Il libro di Buscaroli è prezioso in quanto salda l’esperienza di una generazione e di quella immediatamente successiva, a venti anni di distanza l’una dall’altra. Un libro su cui riflettere e sul quale torneremo.
Il tema che tratta Buscaroli è lo stesso che ha incominciato a dissodare Giampaolo Pansa, ma – direi – con una differenza importante e sostanziale, senza voler qui parlare male di Pansa, i cui libri ho già letto e vado leggendo. Pansa mi sembra uno scrittore che abbia scoperto un filone di successo, su cui poter scrivere libri, trattando temi nuovi e perciò tali da poter essere venduti. Diverse stanno le cose per Piero Buscaroli che invece ha vissuto e sofferto quegli anni come un protagonista, anzi no, meglio dire come una vittima, sia per le vicende personali che hanno colpito il padre, sia per quella che sarò poi la sua storia come intellettuale fino ai nostri giorni, dove forse appena può permettersi di pubblicare le sue “Memorie”.

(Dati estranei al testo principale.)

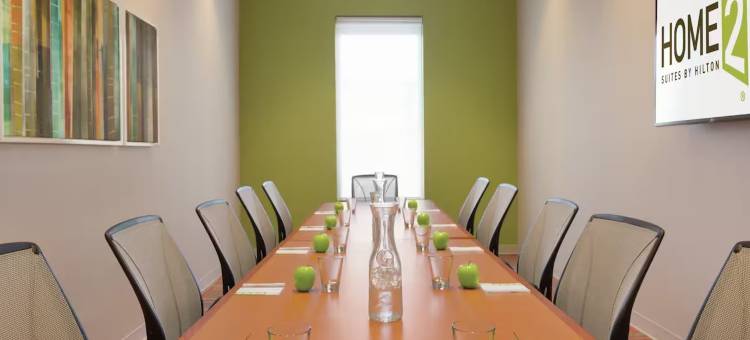 希尔顿惠庭套房酒店大急流城东北(Home2 Suites by Hilton Grand Rapids Northeast)图片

Tanti i fatti narrati, o meglio ancora le prospettive con cui noi possiamo leggere e vedere eventi che ci sono stati narrati in altro modo, e che per una sorta di legislazione antirevisionista non possiamo ancora neppure permetterci di interpretare in altro modo, se non vogliamo incorrere in qualche avventura giudiziaria. Accenno soltanto agli eventi di via Rasella, quando ancora non esistevano i “martiri” kamikaze e nessuno aspirava ad un simile ruolo. Il calcolo della prevista e prevedibile rappresaglia, senza nessun utilità politico-strategica, trova nelle pagine di Buscaroli una trattazione che commuove fin nel profondo e lascia l’amaro in bocca. A chi dirlo? È un mondo che ha perso quella “pietas” che era degli antichi e che ci è nota per la frequentazione di quelle pagine dei “classici” sui quali parte di noi si sono formati. La ferocia, l’inganno, la mistificazione è il pane con il quale hanno nutrito per lo meno le genrazioni dal 1950 in poi, che non hanno visto la guerra, ma ne hanno portato tutto il peso dell’eredità. Un Buscaroli, nato nel 1930, pur aver vissuto in anni più tragici e certo non invidiabili, era per lo meno fuori della caverna e poteva vedere ciò che all’aperto succedeva. Ma quelli che sono nati dopo, dal 1950 in poi, si son trovati nella faticosa posizione di chi ha dovuto decifrare il mondo dalle ombre che si agitavano sulle pareti della caverna.
Il libro di Buscaroli è prezioso in quanto salda l’esperienza di una generazione e di quella immediatamente successiva, a venti anni di distanza l’una dall’altra. Un libro su cui riflettere e sul quale torneremo.